OK is a relative term I guess. At best, they're managing their failure rate vs. speed of manufacture and at worst they don't know that it's bad. Color isn't the only no-no shown in those photos. It's also obvious that the oxides weren't cleaned off of the tubes before they were welded. You can have a weld of acceptable color and the oxides will still be buried in the embrittled weld. You can simulate this by welding over colored ti. The color goes away but where did it go? It's being driven deeper into the weld.

What's shown in those photos isn't OK.


----------



## G-reg (Jan 12, 2004)

Guru said:


> From Tony Giannascoli, Founder: Please allow us to chime in on the posts regarding Guru's welds. Guru has been welding titanium frames for more than 10 years already and we take great pride in our craftsmanship and in our weld quality. We were pleased when Tyler accepted our invitation and we allowed him to snap pictures of anything he wanted as we are transparent and have nothing to hide.
> 
> Weld zone discoloration is inevitable when welding outside of an inert chamber. In the bicycle industry, since weld bead aesthetics are important, frames are welded outside of an inert chamber but steps are taken to ensure the integrity of welds. Firstly, the interior of the frame is purged of all oxygen using Argon gas. Then, a specially designed cup which diffuses Argon gas evenly is used to purge any oxygen from the outer surface of the weld. Inevitably, some discoloration will be evident with this technique. It is only a few microns thick and can be easily removed using scotch brite to finish the surface (photo above).
> 
> Note that we've had our welds tested by independent laboratories using x-rays and micrographs. In all cases, the results demonstrated very low levels of porosity and high levels of purity with virtually no contamination.

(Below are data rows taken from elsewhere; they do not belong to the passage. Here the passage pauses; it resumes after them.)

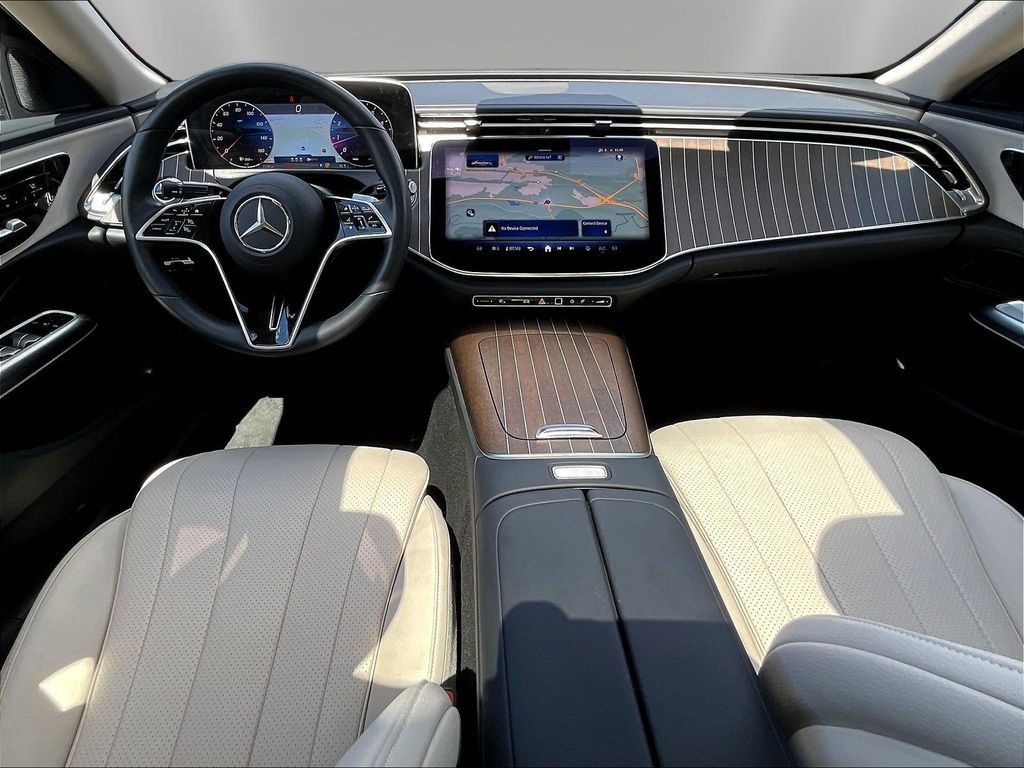 Used 2026 Mercedes-Benz E 350 Sedan image 9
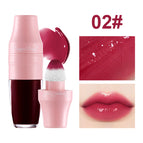 DR87 Brillo de labios Shake n.° 2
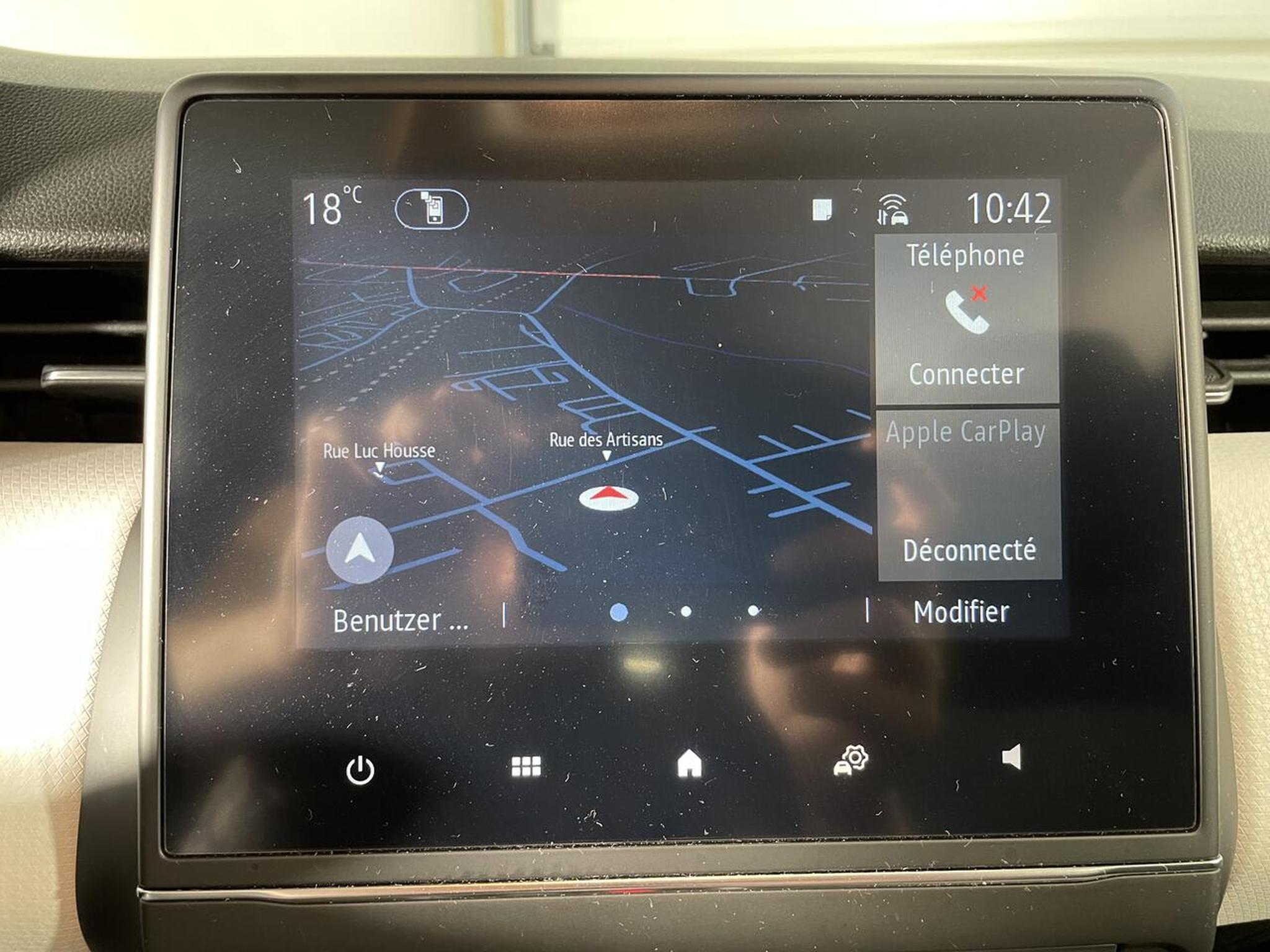 Renault Clio – Image 9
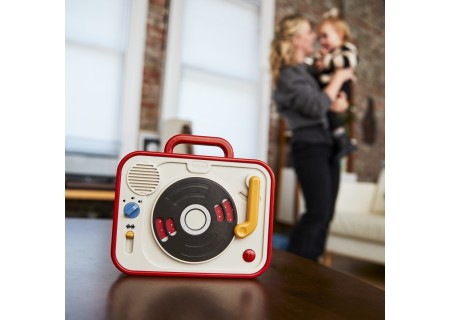 TINY LOVE TL15070068 Muzyczna Konsola Rockers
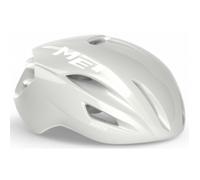 MET Manta MIPS Helmet - Absolute White, M (56-58cm)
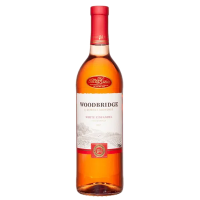Vinho Woodbridge White Zinfandel 750ml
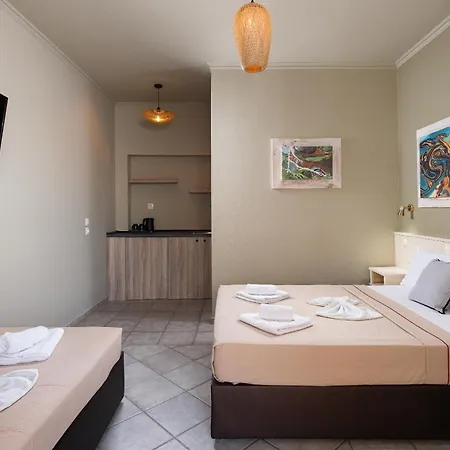 Castaway - Christos * Limenaria (Thasos)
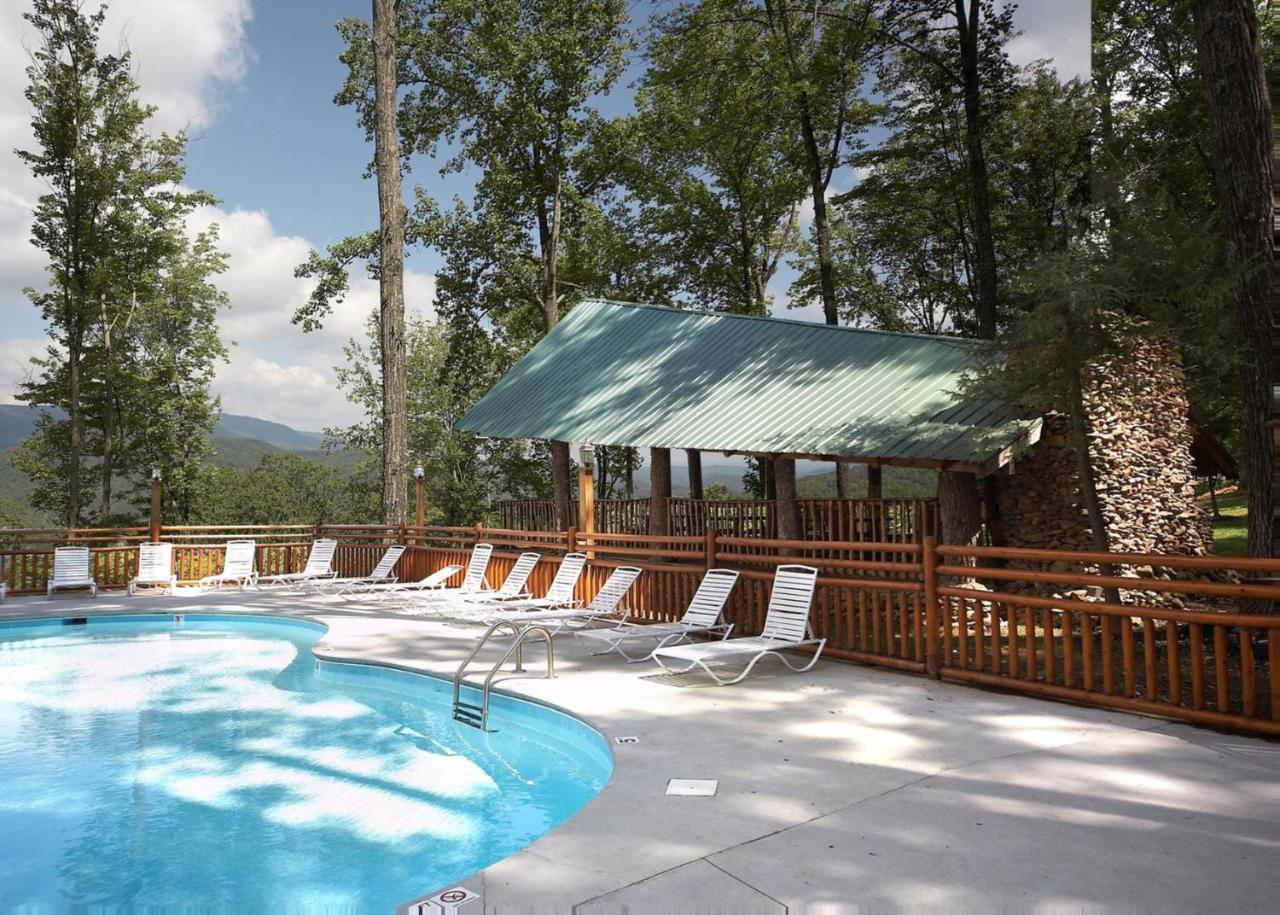 Good Times #34 Villa Sevierville Exterior foto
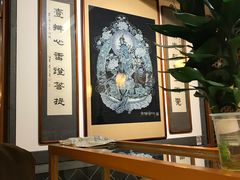 -静莲斋素食(慈云寺店)
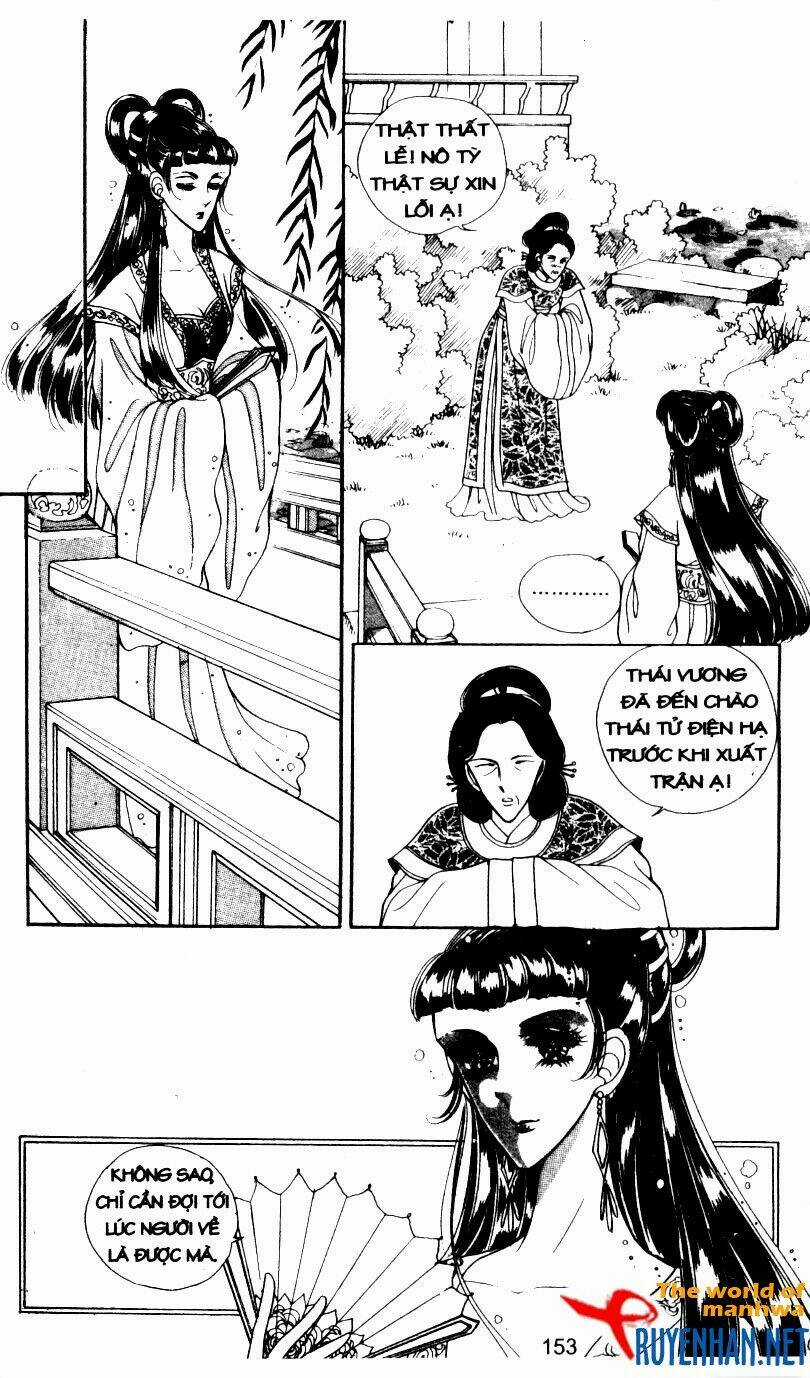 The Sexy Simpleton - Chapter 3 - Trang 156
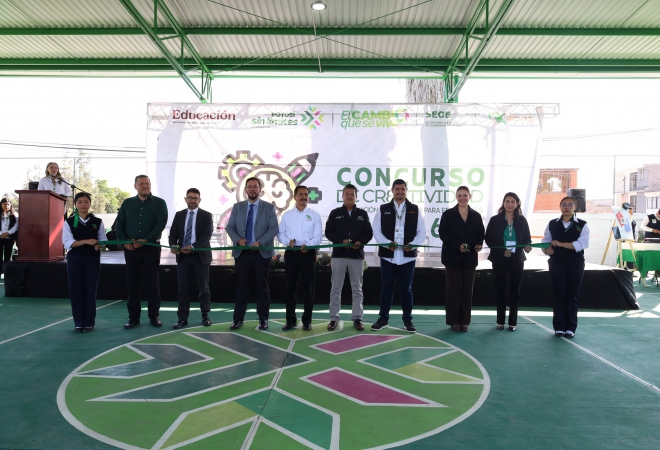 Impulsando el talento y la innovación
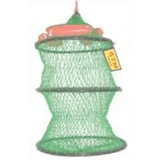 KEEPER NET STM - ROUND PLASTIC/FLOAT by Addict Tackle at Addict Tackle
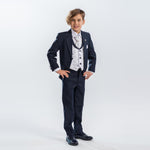 The Duke Formal Boys Suit - Farnelli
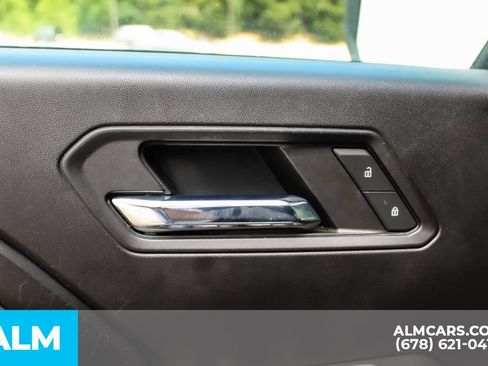 Used 2023 Chevrolet Colorado LT w/ LT Convenience Package RWD image 38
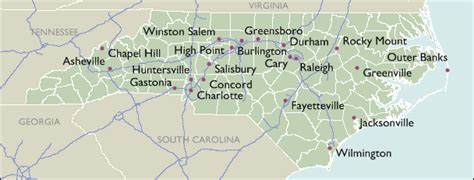 Asheville Nc Zip Code Map - Maping Resources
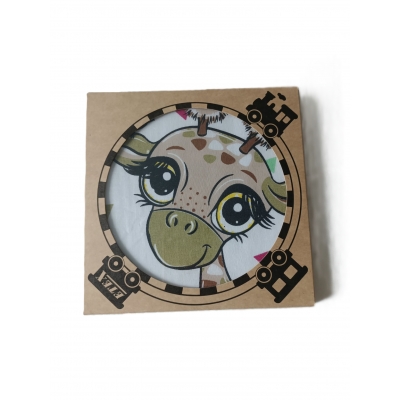 Sada dětských potištěných... 2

The ultimate test for our welds is fatigue and impact testing which we regularly conduct at Guru. These tests demonstrate that when frames are brought to the point of rupture due to excessive abuse, the welds never break. Furthermore, we have many clients who have been riding their Guru-made titanium frames for well over 10 years without any incidents (Editor's note: They added via phone that they haven't had to warranty a single titanium frame). This is the true testament to the quality of our titanium frame construction.


BR post was updated...


----------



## zank (May 19, 2005)

Bike radar did a tour of the Dean factory and published pictures of ti welding that were just as bad. Pretty sad. It looked they were using a #7 cup and outrunning their coverage.


----------



## davesauvageau (Jan 8, 2010)

Minus the horrible music, Seven Cycles' factory tour is pretty good. Her welds look very clean, can't tell if it is Ti, could be stainless too:
Seven Cycles - Factory Tour - YouTube

Most Ti builders pay special attention to contamination, chemically cleaning tubesets and handling them with cotton gloves to avoid contamination. Apparently Lynskey doesn't give a hoot about it in this video:





Where's Rhody when you need him! Groovy Cycleworks, get in here and drop some knowledge!


----------



## car bone (Apr 15, 2011)

smudge said:


> OK is a relative term I guess. At best, they're managing their failure rate vs. speed of manufacture and at worst they don't know that it's bad. Color isn't the only no-no shown in those photos. It's also obvious that the oxides weren't cleaned off of the tubes before they were welded. You can have a weld of acceptable color and the oxides will still be buried in the embrittled weld. You can simulate this by welding over colored ti. The color goes away but where did it go? It's being driven deeper into the weld.
> 
> What's shown in those photos isn't OK.


But remember the color only indicate that the very surface has been oxidized, now how deep it goes. the diffusion depth is unknown here, gas diffuse into the ti faster and deeper the hotter it gets and the longer the soak, similar to carburizing/nitriding steel in a Carbon containing atmosphere. But it is a sure sign that at least the surface has been oxidized to some degree.
And this could have been avoided. Preferably they should have welded (and all other processes involved) this to aerospace standards, but I guess very few actually do.


----------



## whydomylegshurt? (Jul 28, 2004)

If you charge $4500 for a ti frame you better weld to the best standard available. Seeing as NASA, Miller, AWS and ASM all agree that no color past dark straw should be seen in the weld bead I feel Guru has failed. Both the drop out and the BB show discoloration in the weld, not just the HAZ. They didn't even prep the tubes to remove the oxide layer.


----------



## car bone (Apr 15, 2011)

I'm not arguing there. 4500??? lol wtf. for 4500 there shouldn't even be straw. It should be nothing nothing nothing as shown in one of the first pics.


----------